Afioga Toleafoa Talitimu (died October 1980) was a Western Samoan songwriter and politician. He was a member of the Legislative Assembly in three spells between 1964 and his death, also serving as Speaker from 1973 until 1975.

==Biography==
Talitimu was one of three well-known Iiga songwriter brothers, alongside Gatoloai Peseta Sio. He was elected to the Legislative Assembly from the Fa'asaleleaga No. 3 constituency in 1964. He was defeated by Su'a Aloese in the 1967 elections and unsuccessfully challenged him again in 1970.

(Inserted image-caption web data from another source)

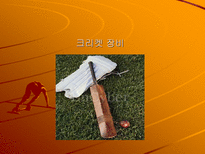 인문어학 영국과 미국의 스포츠-6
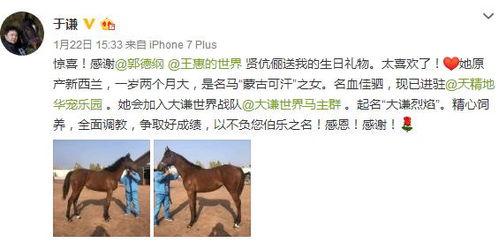 马爸爸内部爆料视频大全,视频大全背后的商业智慧 第2张 马爸爸内部爆料视频大全,视频大全背后的商业智慧 第2张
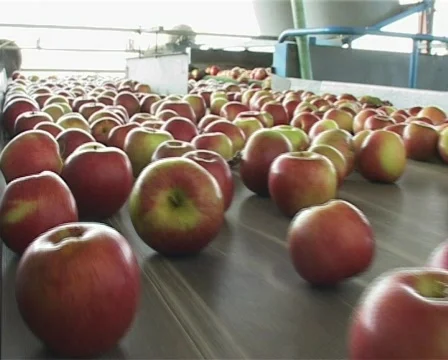 Moving apples Stock Footage 135154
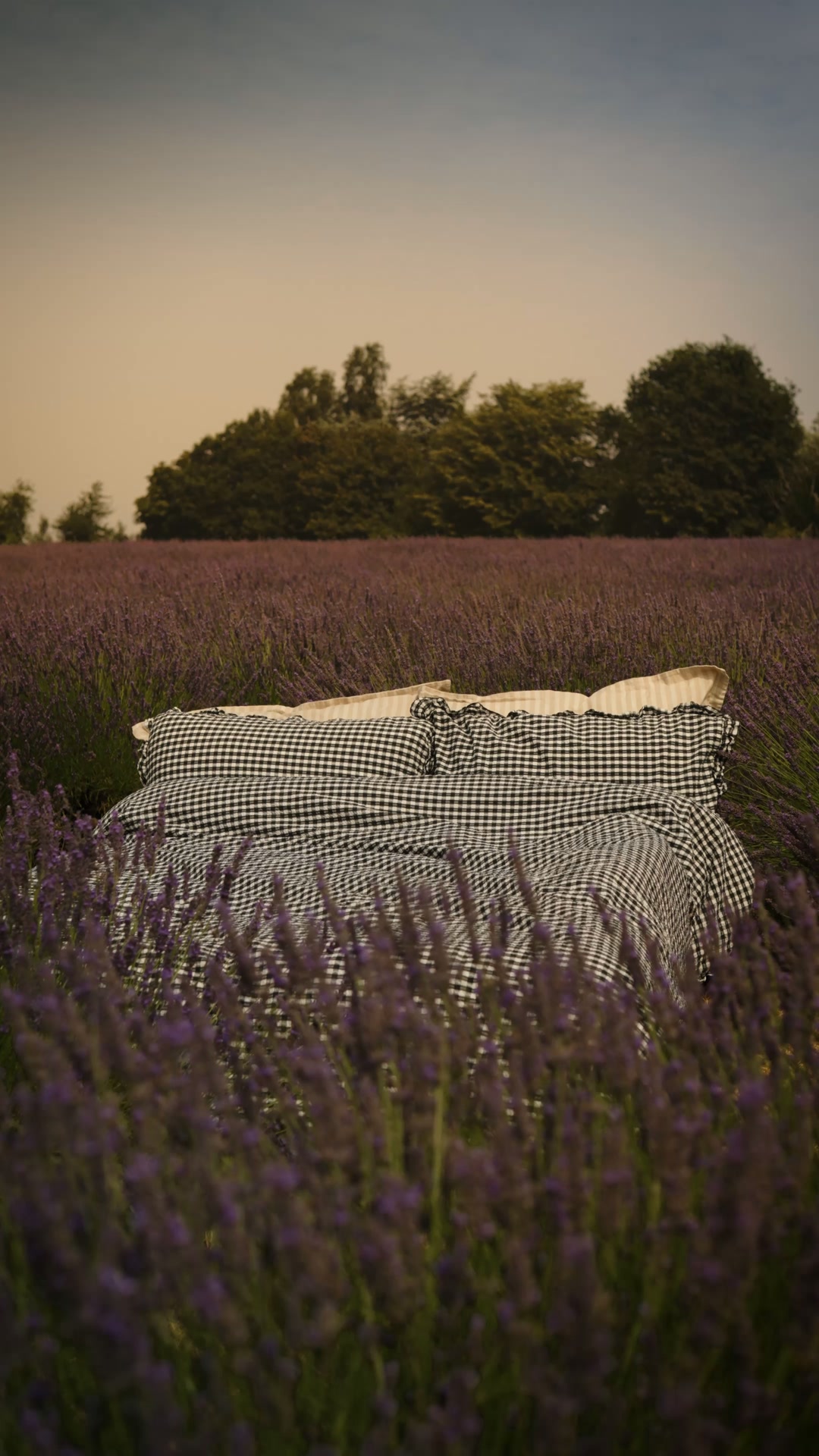 Botanical Laundry: 52% Off First Order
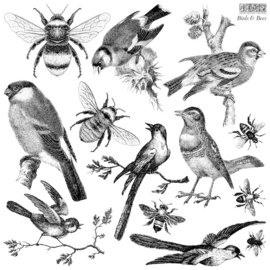 IOD stempel Birds & Bees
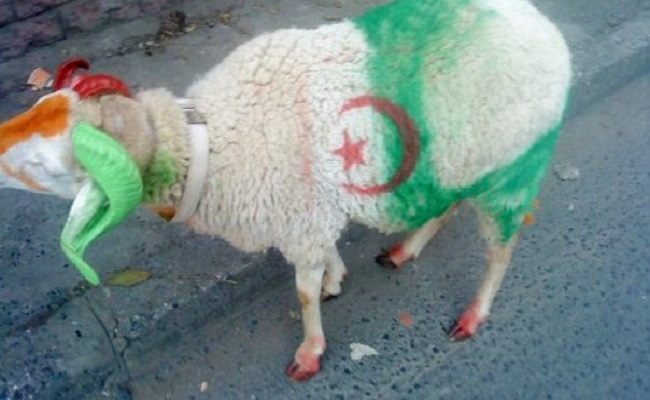 هل يلغى عيد الأضحى بالجزائر بسبب كورونا
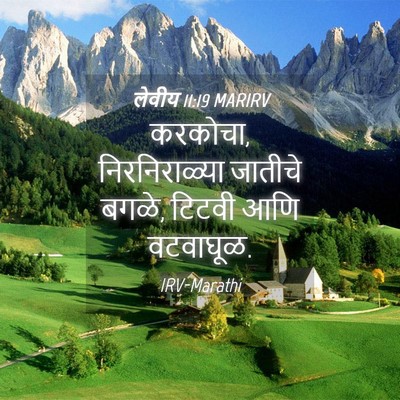 Picture 04 - लेवीय 11:19 MARIRV - करकोचा, - Bible Verse Picture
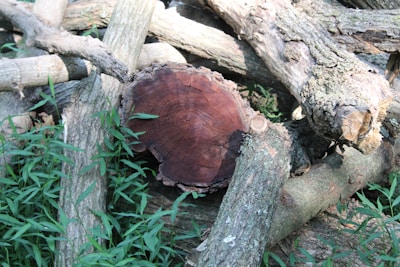 Several logs are piled on top of each other, partially surrounded by green foliage. One log is prominently cut, displaying concentric growth rings. The bark is rough and textured, and the scene is lit by natural light.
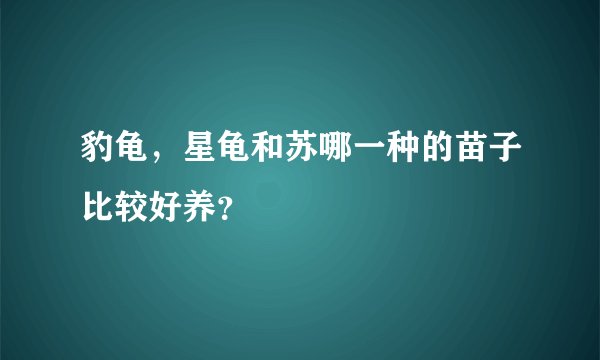 豹龟，星龟和苏哪一种的苗子比较好养？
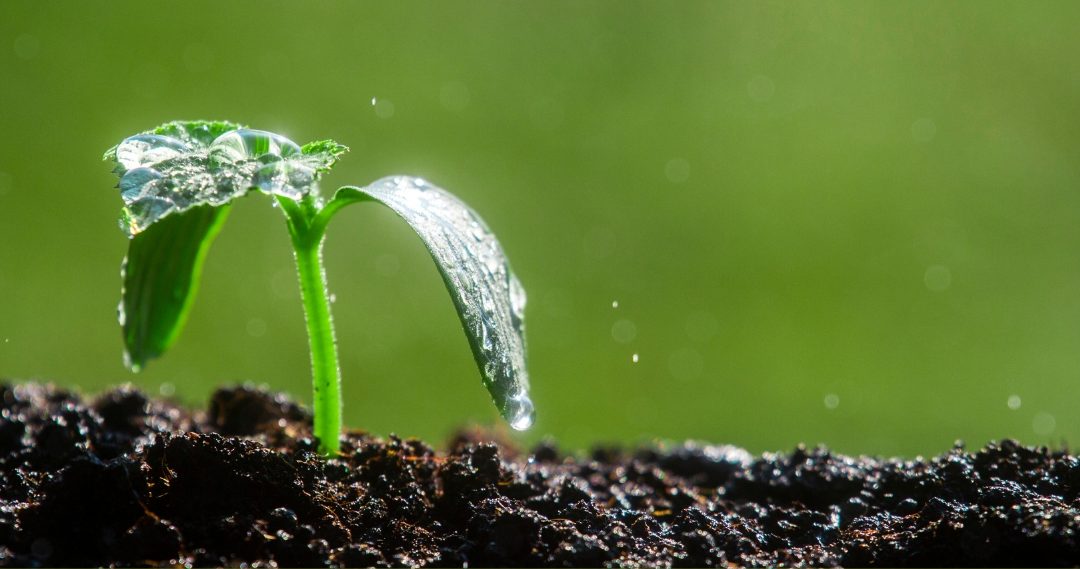 PLANAPP e CHANGE apontam caminhos para a sustentabilidade do solo e água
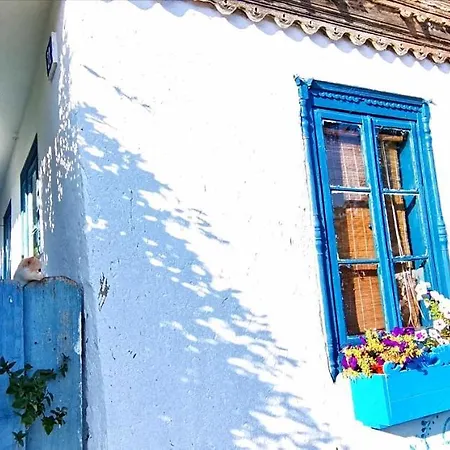 Villa Traditional House In Danube Delta *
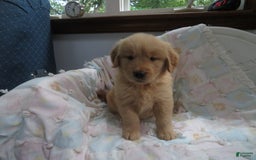 Golden Retriever dogs for sale: Starburst - Image 16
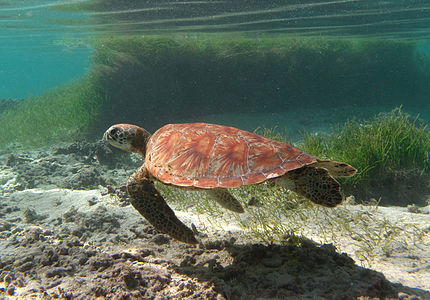 Tortue verte immature dans le lagon.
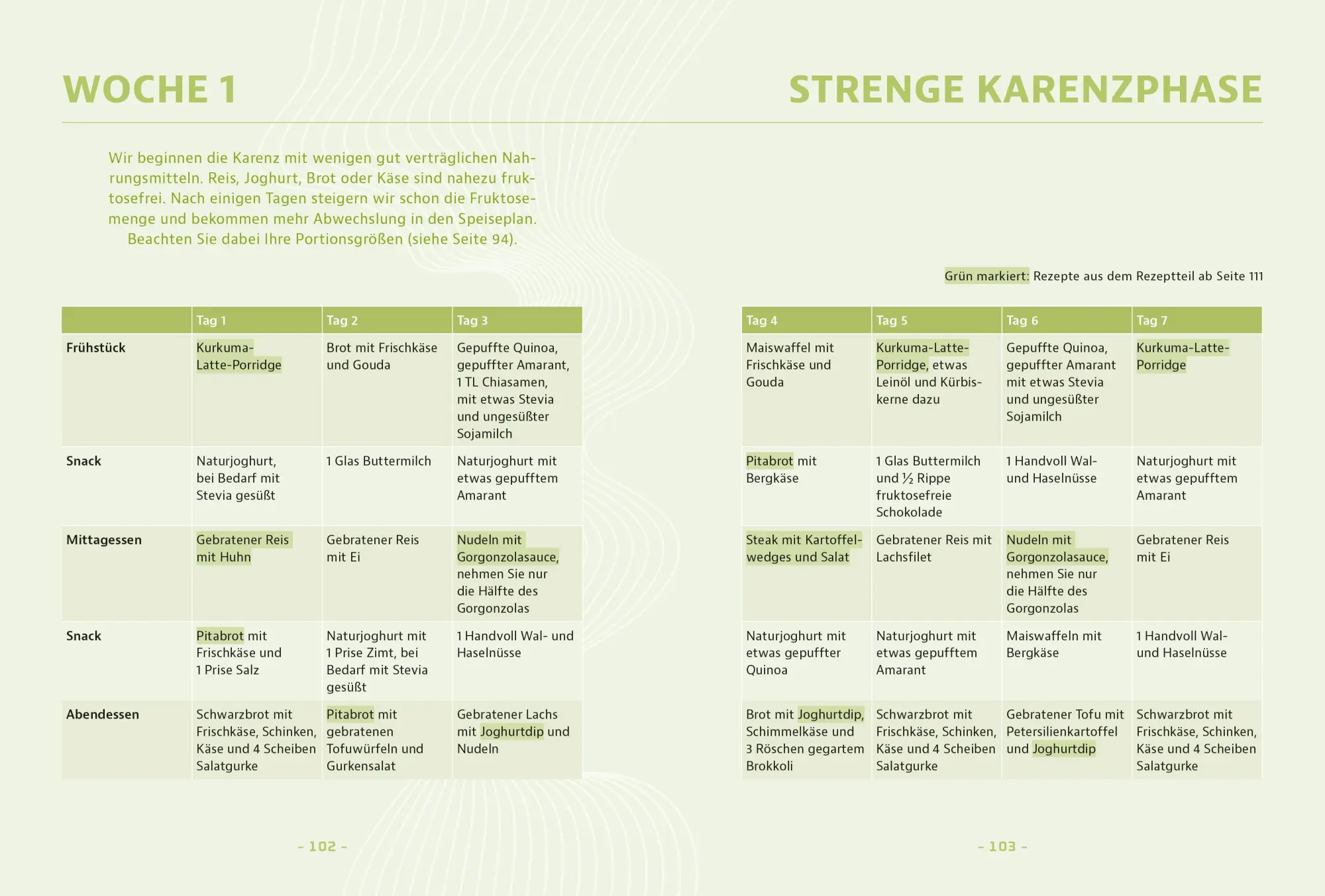 Bild: 9783965845770 | Schluss mit Fruktoseintoleranz | Michael Zechmann-Khreis | Taschenbuch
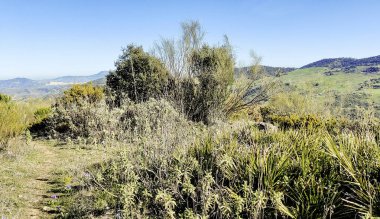 Güneşli bir günde İspanya 'nın güneyindeki Cadiz ilindeki dağlarda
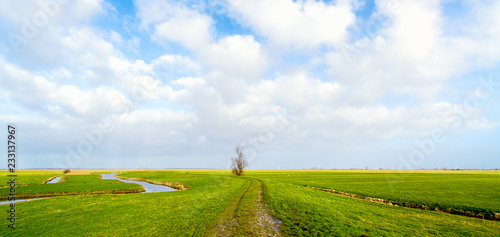 Fotomural Flat and vibrant green summer polder landscape in The Netherlands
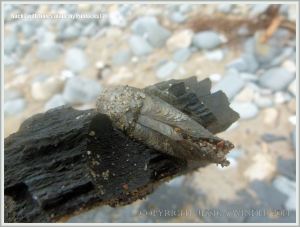 Common Piddock shell in rock burrow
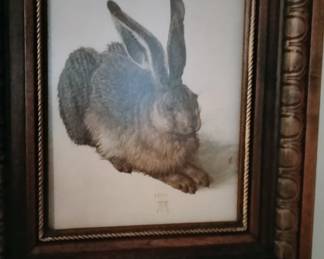 Vintage Albrecht Dure "Young Hare" Print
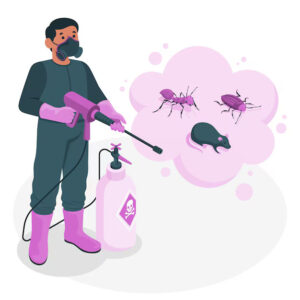 bug pest control in Houston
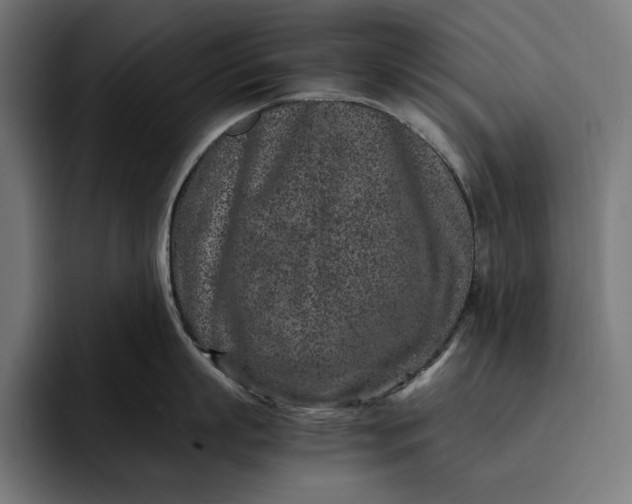 X0000093120863200710101039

In the 1973 elections he defeated Aloese by six votes. Following the elections, he was elected Speaker with 28 votes, defeating Leaupepe Faimaala (12) and Teo Fetu (6). However, he lost his seat in the 1976 elections when he was defeated by Unasa Ioane. In the 1979 elections he returned to the Legislative Assembly, and was a candidate for the deputy speakership, losing by 23 votes to 24 to Aeau Taulupoo.

He died in Faga on Savai'i island in October 1980 at the age of 62.